EXPAND IT | EXPANDing Immune Cells and their Tumor Antigens during checkpoint immunotherapy

Summary
Cancer immunotherapy using immune checkpoint blockade (ICB) has revolutionized the treatment of advanced-stage cancers. One of the major limitations of ICB is that durable responses are observed only in a subset of patients and in some specific cancer types. We recently analyzed tumor biopsies from breast cancer patients collected during ICB and indeed observed only in a subset of patients that tumor-infiltrating T-cells undergo rapid expansion when exposed to ICB. We characterized the gene expression programs underlying this expansion at single-cell level and realized that - although these expanding T-cells are the main executors of therapeutic response to ICB - several key questions regarding their function remain unanswered. First, we lack accurate knowledge about where in the heterogeneous tumor microenvironment (TME) and in which metabolic niches T-cell expansion occurs. Secondly, based on their TCR sequence we cannot predict upfront which T-cells will expand (or rather act as bystander T-cells), nor can we say to which tumor antigens these expanding T-cells are directed. Thirdly, it is not known which molecular events underlie the generation of the tumor antigens regulating T-cell expansion. Fourthly, we also observed an expansion of the B-cell repertoire and were left with similar questions as for expanding T-cells.
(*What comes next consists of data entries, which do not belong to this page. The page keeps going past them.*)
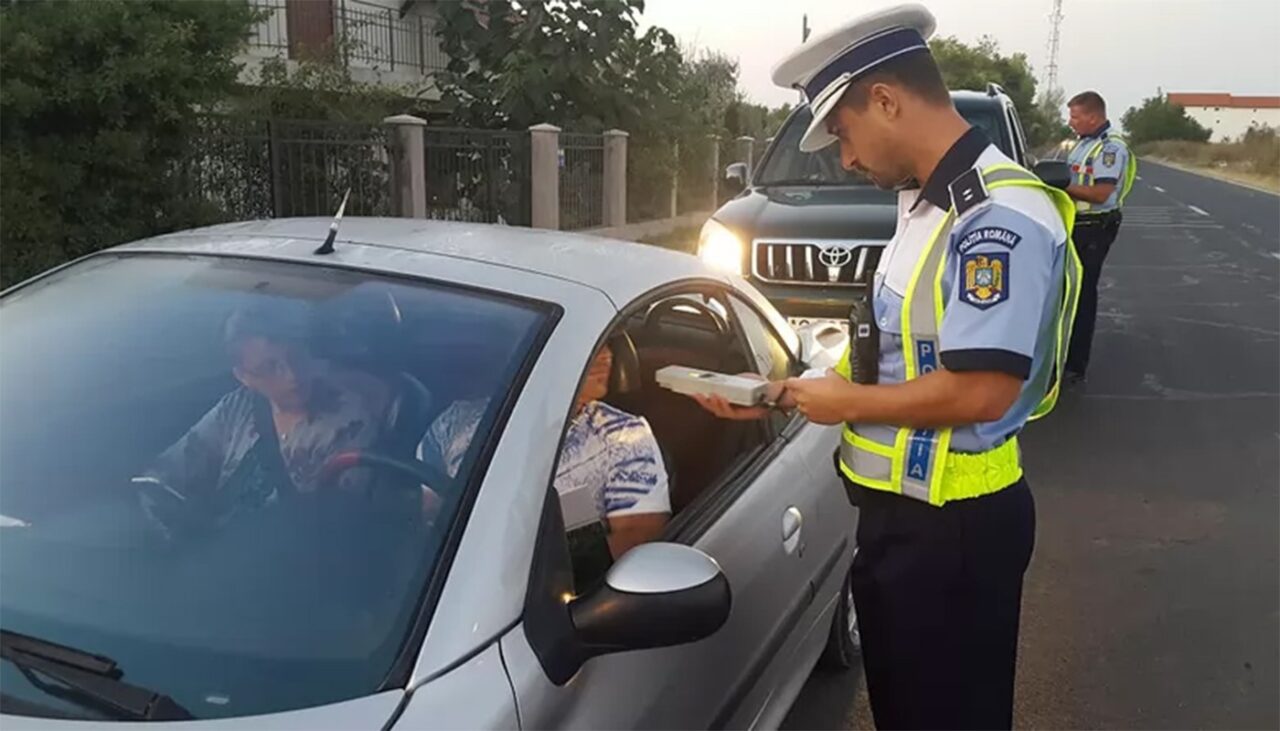 Mulți șoferi din România cad în capcană! Ce înseamnă dacă polițistul de la Rutieră îți spune: „Şi ce-ar trebui să faceţi dumneavoastră în privinţa asta?”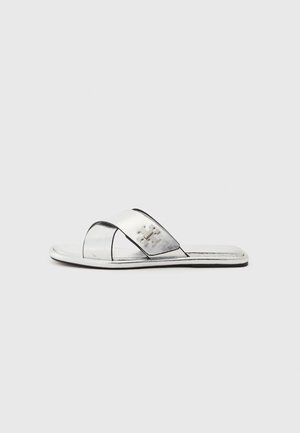 Silberne Rutschsandalen mit offener Zehe, ausgestattet mit einem metallischen Finish, einem Kreuzbanddesign und einer geprägten Logodetail an der Seite.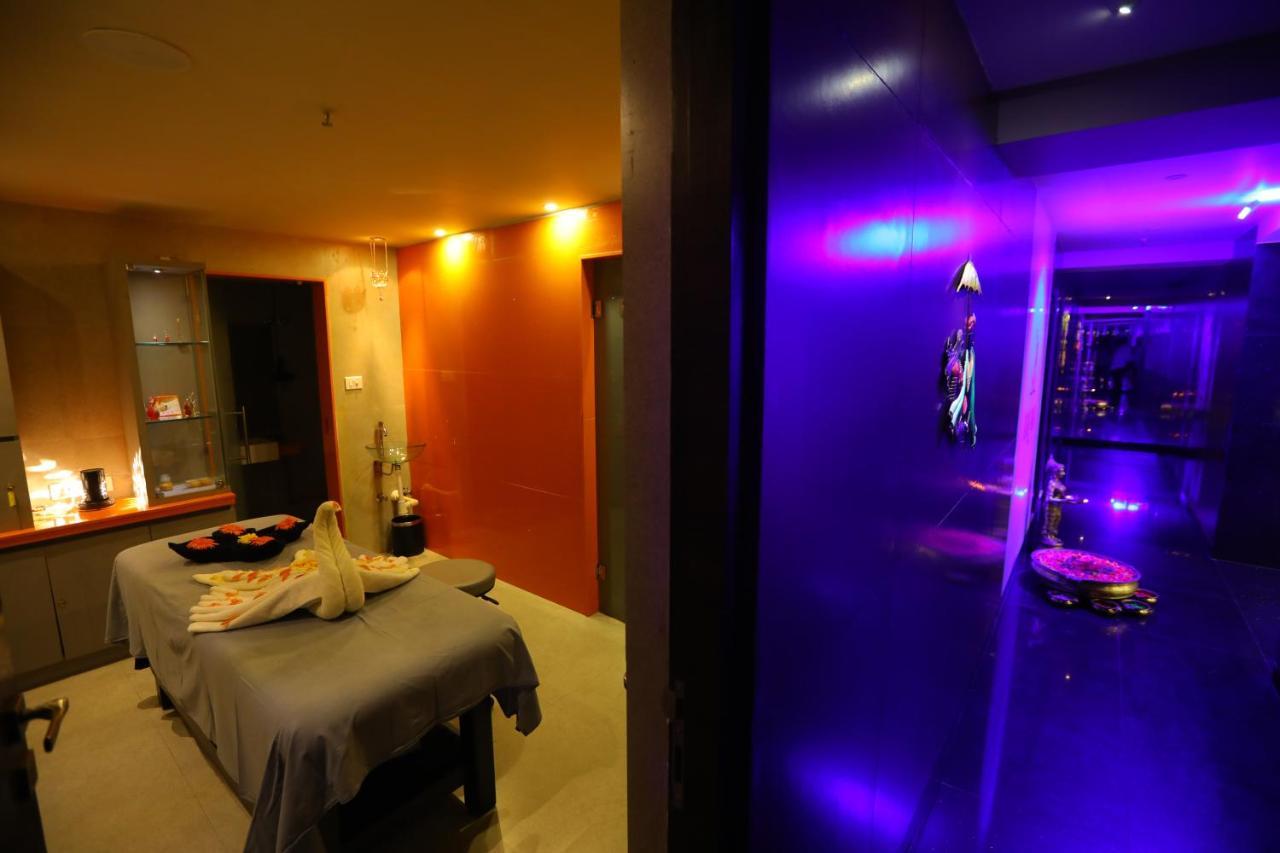 V 7 Hotel Chennai Exterior photo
For instance, where are expanding B-cells located, how do they interact with expanding T-cells, and do they perhaps even recognize the same tumor antigens. In EXPAND IT, we will use several innovative (single-cell) technologies to provide answers to these questions. These insights will much better characterize the mechanisms driving response to ICB, but will also provide important answers on how to sensitize patients not responding to ICB. Our findings could also contribute to the discovery of high-avidity anti-tumor TCRs that can be used in novel TCR-based cellular therapies.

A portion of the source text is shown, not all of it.